ECLI:NL:RBNHO:2014:4274
Rechtbank Noord-Holland
- Eerste aanleg - meervoudig
- Rechtspraak.nl
Bewezenverklaring invoer van cocaïne te Schiphol met onvoorwaardelijke gevangenisstraf
In deze zaak heeft de Rechtbank Noord-Holland op 17 april 2014 uitspraak gedaan in een strafzaak tegen een verdachte die op 12 januari 2014 te Schiphol, gemeente Haarlemmermeer, opzettelijk ongeveer 2641,4 gram cocaïne binnen het grondgebied van Nederland heeft gebracht. De rechtbank heeft vastgesteld dat de dagvaarding geldig is en dat het openbaar ministerie ontvankelijk is in zijn vervolging. De verdachte heeft ter terechtzitting een bekennende verklaring afgelegd, en de rechtbank heeft verschillende bewijsmiddelen in overweging genomen, waaronder proces-verbaal van aanhouding en een rapport van het Douanelaboratorium.
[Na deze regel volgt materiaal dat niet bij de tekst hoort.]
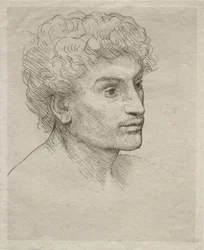 Head of a Young Man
De rechtbank heeft geoordeeld dat het bewezenverklaarde feit opzettelijk handelen in strijd is met de Opiumwet. De verdachte is strafbaar verklaard, en de rechtbank heeft de vordering van de officier van justitie, mr. L. Dolfing, gevolgd, die een gevangenisstraf van 28 maanden had geëist. De rechtbank heeft daarbij rekening gehouden met de persoonlijke omstandigheden van de verdachte, waaronder het feit dat hij een blanco strafblad heeft en recent vader is geworden. Desondanks heeft de rechtbank geoordeeld dat de ernst van het feit en de hoeveelheid cocaïne die is ingevoerd, zwaarwegend zijn en dat er geen aanleiding is om van de strafeis af te wijken.
De rechtbank heeft de verdachte veroordeeld tot een gevangenisstraf van 28 maanden, met aftrek van de tijd die hij in voorarrest heeft doorgebracht. Dit vonnis is gewezen door een meervoudige kamer van de rechtbank, met mr. D. Gruijters als voorzitter, en is uitgesproken in tegenwoordigheid van de griffier, mr. A. Keulers. Mr. E.C. Smits was buiten staat om het vonnis mede te ondertekenen.